Skills are modular instruction packages that give AI agents domain expertise they don't have out of the box. Each skill includes a SKILL.md (instructions + workflows), Python CLI tools, and reference documentation — everything the agent needs to perform like a specialist.

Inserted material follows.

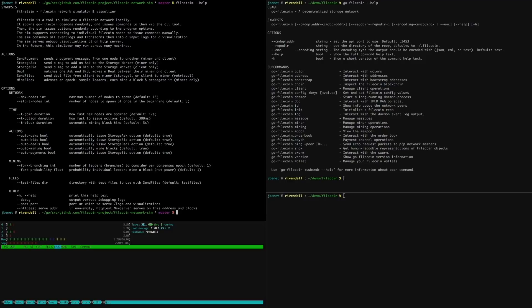On the right, we can see the help text of the Go Filecoin program. On the left, we can see the help text of our testnet simulator.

One repo, three platforms: Works natively with Claude Code, OpenAI Codex, and OpenClaw.
Quick Install
Claude Code (Recommended)
# Add the marketplace
/plugin marketplace add alirezarezvani/claude-skills
# Install by domain
/plugin install engineering-skills@claude-code-skills # 21 core engineering
/plugin install engineering-advanced-skills@claude-code-skills # 25 POWERFUL-tier
/plugin install product-skills@claude-code-skills # 8 product skills
/plugin install marketing-skills@claude-code-skills # 42 marketing skills
/plugin install ra-qm-skills@claude-code-skills # 12 regulatory/quality
/plugin install pm-skills@claude-code-skills # 6 project management
/plugin install c-level-skills@claude-code-skills # 10 C-level advisory (full C-suite)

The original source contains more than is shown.